Во-вторых, сюжет повести строится как итеративный перифраз канонической — восходящей к ритуалу инициации — модели соцреалистического повествования. «Старшие наставники» (секретарь райкома и начальник районного управления НКВД) оборачиваются трикстерами, «бесами», последовательно разрушающими все колхозное хозяйство. При этом внутри повести присутствует метафора соцреалистического канона в целом: реальная деревня дублируется ее идеальным планом — макетом, который был кропотливо сделан нерадивым председателем. Все, что в «реальности» гниет и разрушается, на макете сияет новизной. Это, в сущности, буквальное воплощение «модальной шизофрении» соцреализма, основанной — по К. Кларк — на совмещении в едином нарративе несовместимых модальностей («сущего» и «должного»). В произведениях классического соцреализма утопическая программа стремится к совмещению с описываемой «реальностью». Того же эффекта добиваются и персонажи «Падежа», только они решают это «уравнение» не путем созидания нового порядка, а путем чистого и самодостаточного разрушения. Сжигая все на своем пути, они тщательно дублируют операцию на плане. Когда все, что возможно, уничтожено, и единство «плана» и «реальности» достигнуто, изменяется стилистика текста. Происходит переход в координаты другого дискурса.

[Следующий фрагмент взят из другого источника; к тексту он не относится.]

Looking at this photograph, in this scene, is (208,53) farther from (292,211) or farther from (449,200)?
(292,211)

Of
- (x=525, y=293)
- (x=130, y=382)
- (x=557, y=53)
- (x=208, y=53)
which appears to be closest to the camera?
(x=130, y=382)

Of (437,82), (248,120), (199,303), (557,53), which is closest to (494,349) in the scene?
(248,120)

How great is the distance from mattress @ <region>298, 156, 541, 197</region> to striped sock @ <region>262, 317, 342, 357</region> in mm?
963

Последние страницы повести строятся как разговор корифея с хором или жреца с народом, при этом каждая из сторон произносит и повторяет фразы, в которых прямое значение полностью замещено символическим. В соответствии с этой мифологической логикой бензин, выплеснутый из ведра с надписью «вода» на грязного и избитого председателя, — это и есть вода, которой поят «скот»:
— Что написано на ведре? — Водаааа! — Вода — горит? — Неееет! — Кого поили из этого ведра? — Скоооот! — Скот — это засранные и опухшие? — Даааа! — Вода — горит? — Неееет! — Этот, — секретарь ткнул пальцем в сторону Тищенко, — засраный? — Даааа! — Опухший? — Даааа! — Кого поили из ведра? — Скоооот! — Скот — это засраные и опухшие? — Даааа! — Вода — горит? — Неееет! <…> — Кого поили из ведра? — Скоооот! — Значит — этого? — Даааааа! <…> — Поить? — Поиииить! — Да? — Дааааа!

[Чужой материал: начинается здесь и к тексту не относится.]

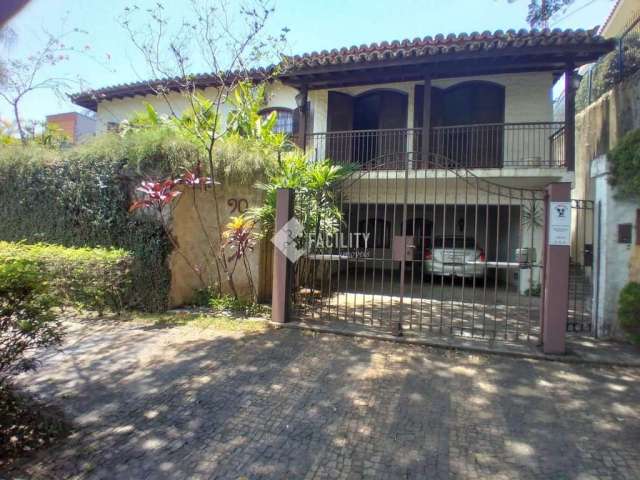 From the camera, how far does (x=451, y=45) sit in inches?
352

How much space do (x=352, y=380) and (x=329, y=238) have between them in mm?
3380

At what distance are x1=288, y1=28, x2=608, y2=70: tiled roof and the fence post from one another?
4.72 meters

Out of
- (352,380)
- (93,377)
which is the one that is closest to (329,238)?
(352,380)

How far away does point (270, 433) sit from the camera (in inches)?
127

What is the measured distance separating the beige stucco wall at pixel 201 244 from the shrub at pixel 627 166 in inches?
229

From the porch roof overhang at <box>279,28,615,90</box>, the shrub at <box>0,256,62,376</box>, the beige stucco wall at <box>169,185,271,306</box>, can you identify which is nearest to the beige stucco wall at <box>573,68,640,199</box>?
the porch roof overhang at <box>279,28,615,90</box>

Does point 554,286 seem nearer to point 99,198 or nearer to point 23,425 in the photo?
point 23,425

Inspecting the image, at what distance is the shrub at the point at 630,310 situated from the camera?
17.1 ft

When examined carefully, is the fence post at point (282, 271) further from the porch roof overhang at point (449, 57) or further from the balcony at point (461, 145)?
the balcony at point (461, 145)

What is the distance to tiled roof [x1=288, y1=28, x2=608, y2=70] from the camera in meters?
8.38

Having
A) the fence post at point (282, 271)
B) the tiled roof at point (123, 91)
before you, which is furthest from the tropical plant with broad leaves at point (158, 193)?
the tiled roof at point (123, 91)

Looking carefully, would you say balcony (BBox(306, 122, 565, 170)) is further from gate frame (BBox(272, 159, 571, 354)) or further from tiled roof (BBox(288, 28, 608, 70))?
gate frame (BBox(272, 159, 571, 354))

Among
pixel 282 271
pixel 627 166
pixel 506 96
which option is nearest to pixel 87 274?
pixel 282 271

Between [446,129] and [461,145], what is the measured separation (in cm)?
64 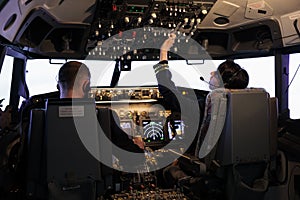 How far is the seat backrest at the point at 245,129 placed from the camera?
84.6 inches

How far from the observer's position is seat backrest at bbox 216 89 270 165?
7.05 feet

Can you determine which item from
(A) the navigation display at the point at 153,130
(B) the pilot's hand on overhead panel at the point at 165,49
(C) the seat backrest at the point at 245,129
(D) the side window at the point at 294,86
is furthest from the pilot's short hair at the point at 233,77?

Секретарь подхватил ведро и выплеснул на председателя горящий бензин.
Вмиг Тищенко оброс клубящимся пламенем, закричал, бросился с фундамента, рванулся сквозь поспешно расступившуюся толпу. Ветер разметал пламя, вытянул его порывистым шлейфом. С невероятной быстротой объятый пламенем председатель пересек вспаханное футбольное поле, мелькнул между развалившимися избами и полегшими ракитами и скрылся за пригорком (с. 175–176).

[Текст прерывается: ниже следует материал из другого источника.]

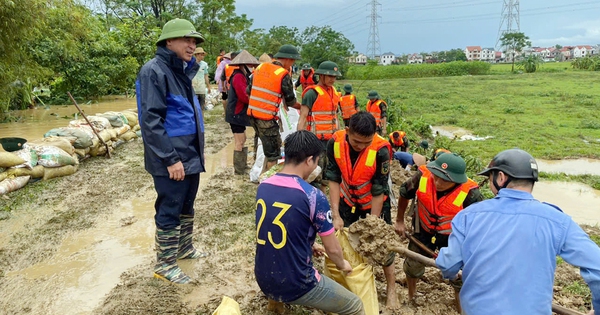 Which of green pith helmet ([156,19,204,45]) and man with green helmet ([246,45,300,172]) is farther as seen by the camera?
man with green helmet ([246,45,300,172])

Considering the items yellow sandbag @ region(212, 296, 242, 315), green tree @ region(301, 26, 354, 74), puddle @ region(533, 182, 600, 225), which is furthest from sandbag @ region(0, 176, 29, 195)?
green tree @ region(301, 26, 354, 74)

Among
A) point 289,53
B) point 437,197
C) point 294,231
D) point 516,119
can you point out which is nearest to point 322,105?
point 289,53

Ритуальность сюжета повести вместе с тем не сводится к простому «переворачиванию» соцреалистического протосюжета. В сущности, перед нами — вновь переходный ритуал, только не индивидуальный, а социальный: обновление жизни оплачивается жертвоприношением «старого царя». Объятый пламенем председатель не случайно растворяется в пейзаже колхоза, уже сожженного дотла: так происходит его «социальная интеграция». Более того, разрушительная активность «наставников» также объясняется спецификой переходного обряда (rite de passage). В традиционном переходном обряде, — отмечает М. Элиаде, — происходит «символическое возвращение в Хаос. Для того чтобы быть созданным заново, старое сначала должно быть уничтожено» [486]. К. Кларк, комментируя это положение применительно к советской литературе, доказывает, что в традиционном соцреалистическом романе «большинство тяжелых испытаний представляли символическую встречу с „хаосом“. <…> Испытания включали в себя не только страдание, но и трансценденцию страдания. <…> Только проходя через физический хаос, герой мог обрести физический стазис» [487].